Rodriguez alongside her colleagues thanked Hernandez for her many years of contributions to the city and whose work has been “revolutionary in ensuring justice for communities of color.”
Hernandez, an attorney, activist and philanthropist, is the current president and CEO of the California Community Foundation, a nonprofit that provides funding for organizations throughout Southern California.
She graduated from Garfield High School in East Los Angeles, attended East Los Angeles Community College and eventually earned her bachelors in history from the University of California Los Angeles. Hernandez later earned her JD from UCLA School of Law.
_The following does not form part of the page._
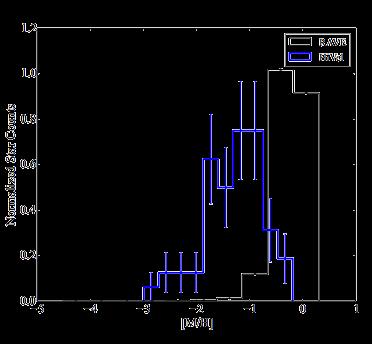 Hyper-velocity stars Hawkins+ 2015 RAVE Sample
“Antonia showed interest in civic engagement from a very young age, commencing her political activism during the Civil Rights and Chicano movement of the 1960s,” Rodriguez said.
“In her noteworthy legal career, she started as a staff attorney at the Los Angeles Center for Law and Justice, where she prosecuted landmark cases such as the class action lawsuit Madrigal v. Quilligan in 1978.”
Hernandez fought against the alleged uncontested sterilization of Latina immigrant women in California. Though the case was not won, Rodriguez said Hernandez’s work “paved the way for medical reform in the state by requiring informed consent for non-English speaking…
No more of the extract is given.